Bougenville di halaman rumah bercat putih itu seakan menjadi
saksi bisu. Di dekatnya, tampak berdiri seorang tentara Belanda memangku
senjata sedang berjaga. Bung Karno, Sutan Syahrir dan H Agus Salim kelihatan
tertawa. Mengapa mereka tertawa? Bukankah mereka dalam pengasingan? Entahlah.
Tapi, setidaknya itulah yang tergambarkan dalam foto memoar yang tergantung di
dalam rumah bersejarah itu, kini.
Di Desa Laugumba, Kecamatan Berastagai Tanah Karo tepatnya di
kawasan seluas 1,5 hektar, terdapat sebuah rumah semi permanen bercat putih,
beratap seng berukuran 20×30 meter, dengan seluas taman yang ditumbuhi
rerumputan hijau dan bunga-bunga. Tempatnya hening, jauh dari kebisingan. Angin
berhembus sejuk hampir sepanjang waktu. Dan tahukah Anda bahwa di tempat itulah
Soekarno, sang pelopor kemerdekaan dengan kedua tokoh penting itu pernah
diasingkan semasa Belanda melancarkan Agresi Militer yang kedua, pada 1948.
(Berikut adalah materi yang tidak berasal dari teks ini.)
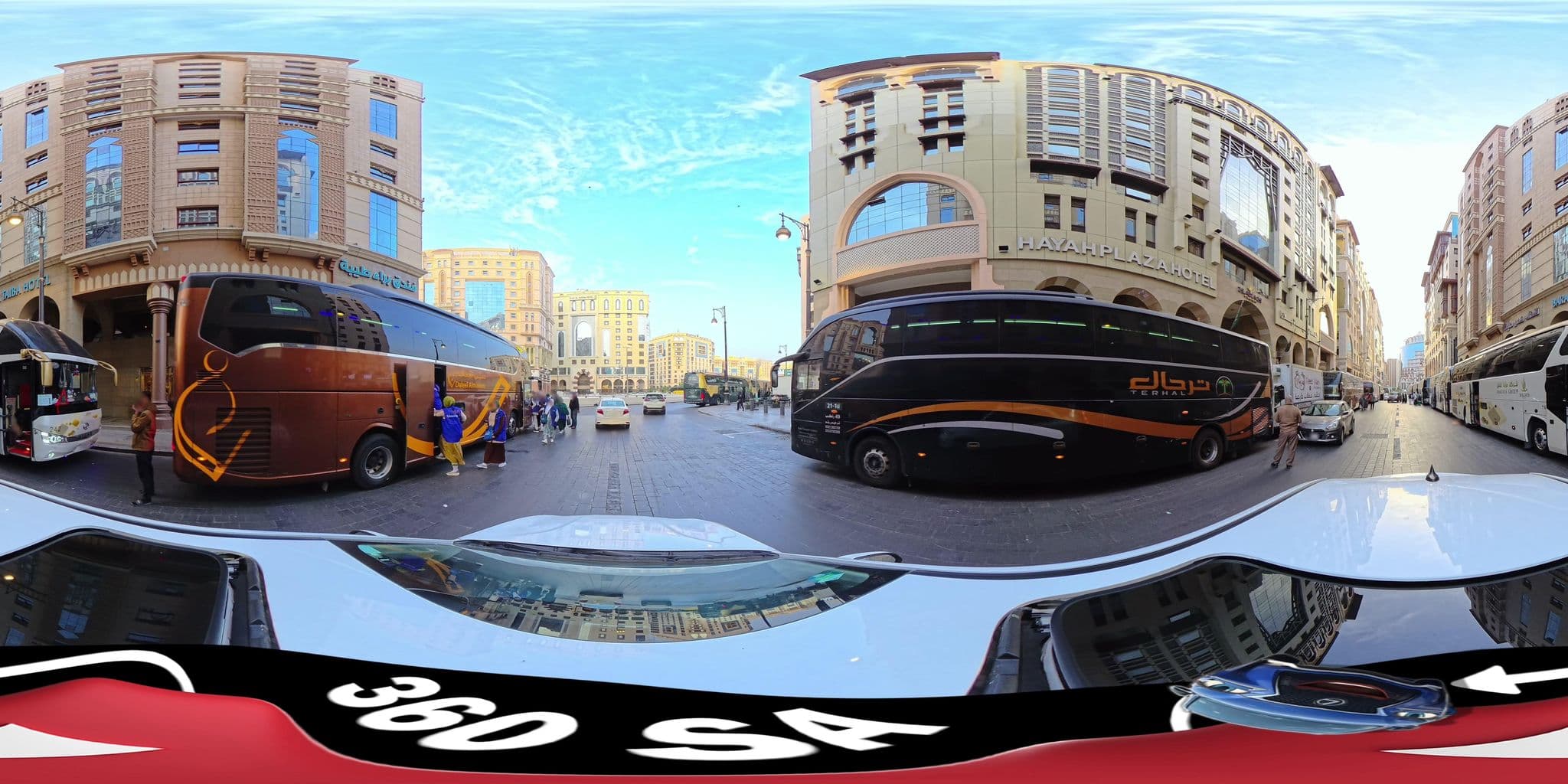 Street view near The Bera Marmara Hotels Medine, Madinah — © mahmoud12 (CC BY-SA · Mapillary)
Ir Soekarno yang juga digelari sebagai “purtra sang fajar”
merupakan presiden pertama Republik Indonesia (RI), H Agus Salim yang merupakan
perdana menteri pertama RI, serta Sutan Syahrir menteri luar negeri RI,
ketiganya pernah menginap selama 12 hari di sana. Setelah itu dibawa ke Parapat
selama tiga hari dengan alasan faktor keamanan.
Fakta apa saja yang terdapat seputar pengasingan ketiga tokoh
yang dianggap ektrimis oleh Belanda itu? Banyak versi yang menjelaskannya. Dari
situs resmi Yayasan Bung Karno, Cindy Adams dalam bukunya “Penyambung Lidah
Rakyat Indonesia” (2001) menuliskan, “Berastagi berarti mengalami kehidupan
Bengkulu lagi. Hanya saja, ada beberapa perbedaan. Satu: mereka tidak menamakan
pengasingan. Sekarang istilah ‘penjagaan untuk keselamatan’. Dua: ‘kami
dijauhkan dari isteri kami’. Dan tiga: ‘kami berada di lingkungan kawat berduri
dengan diawasi enam orang pakai senapan mondar-mandir secara bersambung.’”
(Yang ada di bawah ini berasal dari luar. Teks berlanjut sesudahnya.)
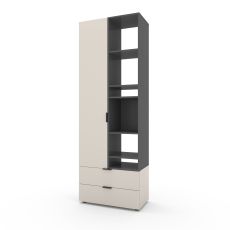Шафа A001R 800x420x2300 ЛДСП Кашемір - Антрацит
Versi lain. Dari antara mereka yang ditangkap di Yogja
(Yogyakata-red), sembilan orang ditunjuk untuk diiternir tanpa kriteria
tertentu. Tidak mengherankan bahwa Soekarno dan Hatta termasuk kelompok ini.
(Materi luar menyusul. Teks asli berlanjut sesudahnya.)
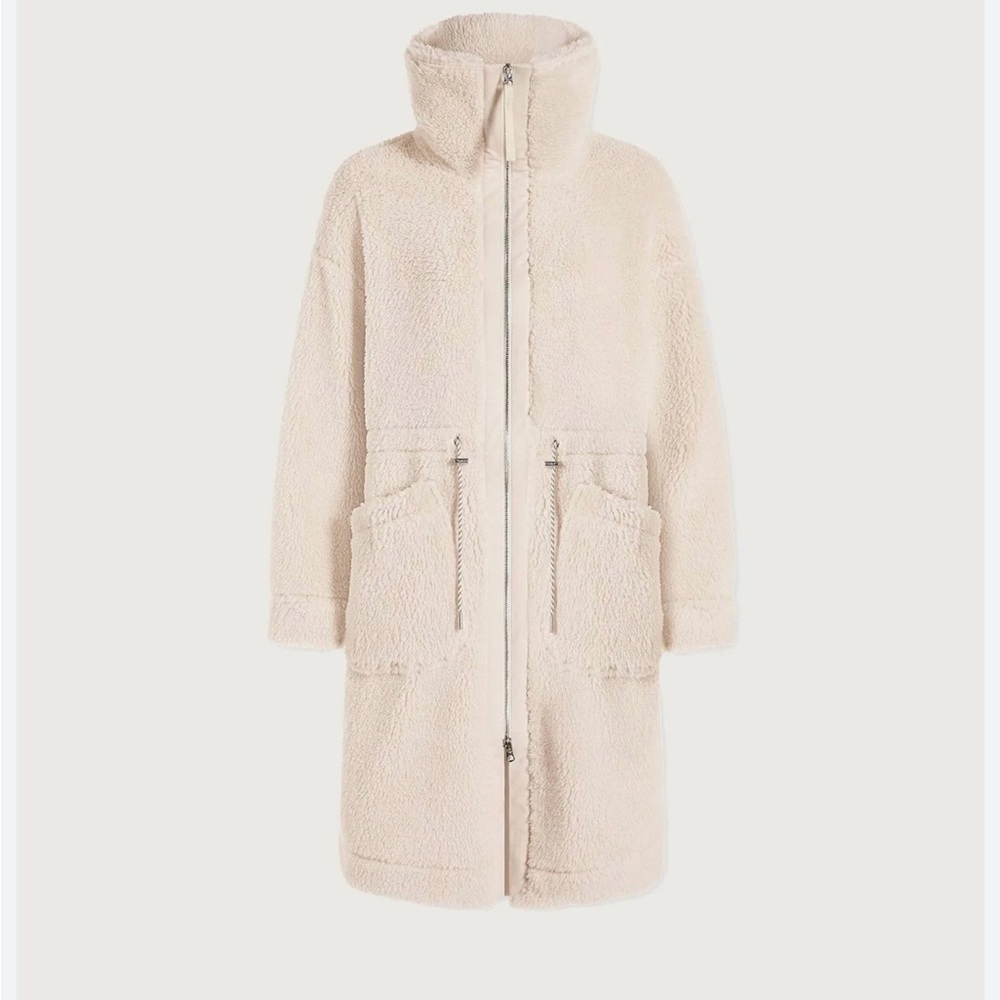 Varley Logan Cream Sherpa Coat - Picture 4 of 14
Akan tetapi Syahrir, sebagai anggota Dewan Penasehat mempunyai kedudukan yang
kurang penting, juga termasuk di dalamnya. Dari para menteri mula-mula, hanya
Agus Salim yang dipilih. Di samping itu, diasingkan lagi Ketua KNIP Assa’at,
Sekretaris Negara Pringgodigdo, dan S Suriadarma.
Pada 23 Desember 1948 mereka naik pesawat terbang yang
dikendalikan oleh seorang komandan yang ditetapkan baru boleh membuka surat
perintah bersegel “sangat rahasia” kalau sudah di udara. Kemudian waktu itu
sang komandan tahu bahwa mereka harus pergi ke Pulau Bangka. Lalu ketika
mendarat di ibukota Bangka, Pangkalpinang, Hatta bersama tiga orang tahanan
lainnya disuruh meninggalkan pesawat. Mereka dipenjarakan di sana. Tiga orang
yang masih tersisa, Soekarno, Syharir dan Agus Salim diterbangkan ke Medan.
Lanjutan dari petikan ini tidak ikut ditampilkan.